Directions: Nothing but the lines from the start of the records through the line that contains "[⭐Maelin]15MM BUBBLE PINK" is to be copied, and each is to be copied exactly.
-------- Source information
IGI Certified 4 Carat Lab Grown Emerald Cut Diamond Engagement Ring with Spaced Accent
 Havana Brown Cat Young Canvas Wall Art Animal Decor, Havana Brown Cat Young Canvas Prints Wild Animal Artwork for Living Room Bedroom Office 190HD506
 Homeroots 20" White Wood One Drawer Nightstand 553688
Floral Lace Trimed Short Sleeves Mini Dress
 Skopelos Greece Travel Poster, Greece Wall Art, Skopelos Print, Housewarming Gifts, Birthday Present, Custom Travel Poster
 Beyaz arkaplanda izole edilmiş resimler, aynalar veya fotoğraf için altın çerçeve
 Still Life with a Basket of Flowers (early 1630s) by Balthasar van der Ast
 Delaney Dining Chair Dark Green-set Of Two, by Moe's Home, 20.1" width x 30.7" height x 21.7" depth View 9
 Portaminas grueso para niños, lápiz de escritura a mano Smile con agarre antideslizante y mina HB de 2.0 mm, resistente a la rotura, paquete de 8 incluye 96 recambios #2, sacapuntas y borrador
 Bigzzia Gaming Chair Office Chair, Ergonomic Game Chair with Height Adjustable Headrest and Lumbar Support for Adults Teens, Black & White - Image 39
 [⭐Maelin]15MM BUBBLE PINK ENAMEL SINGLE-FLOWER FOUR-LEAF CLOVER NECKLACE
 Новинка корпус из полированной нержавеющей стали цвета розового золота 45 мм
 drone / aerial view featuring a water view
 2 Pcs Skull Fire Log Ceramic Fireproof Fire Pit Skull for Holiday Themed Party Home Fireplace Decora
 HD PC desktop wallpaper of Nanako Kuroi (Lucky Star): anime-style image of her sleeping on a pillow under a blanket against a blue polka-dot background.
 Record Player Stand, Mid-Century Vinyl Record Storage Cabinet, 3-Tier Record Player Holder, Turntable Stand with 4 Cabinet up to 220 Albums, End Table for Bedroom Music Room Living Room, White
----------------
Exercise response:
IGI Certified 4 Carat Lab Grown Emerald Cut Diamond Engagement Ring with Spaced Accent
 Havana Brown Cat Young Canvas Wall Art Animal Decor, Havana Brown Cat Young Canvas Prints Wild Animal Artwork for Living Room Bedroom Office 190HD506
 Homeroots 20" White Wood One Drawer Nightstand 553688
Floral Lace Trimed Short Sleeves Mini Dress
 Skopelos Greece Travel Poster, Greece Wall Art, Skopelos Print, Housewarming Gifts, Birthday Present, Custom Travel Poster
 Beyaz arkaplanda izole edilmiş resimler, aynalar veya fotoğraf için altın çerçeve
 Still Life with a Basket of Flowers (early 1630s) by Balthasar van der Ast
 Delaney Dining Chair Dark Green-set Of Two, by Moe's Home, 20.1" width x 30.7" height x 21.7" depth View 9
 Portaminas grueso para niños, lápiz de escritura a mano Smile con agarre antideslizante y mina HB de 2.0 mm, resistente a la rotura, paquete de 8 incluye 96 recambios #2, sacapuntas y borrador
 Bigzzia Gaming Chair Office Chair, Ergonomic Game Chair with Height Adjustable Headrest and Lumbar Support for Adults Teens, Black & White - Image 39
 [⭐Maelin]15MM BUBBLE PINK ENAMEL SINGLE-FLOWER FOUR-LEAF CLOVER NECKLACE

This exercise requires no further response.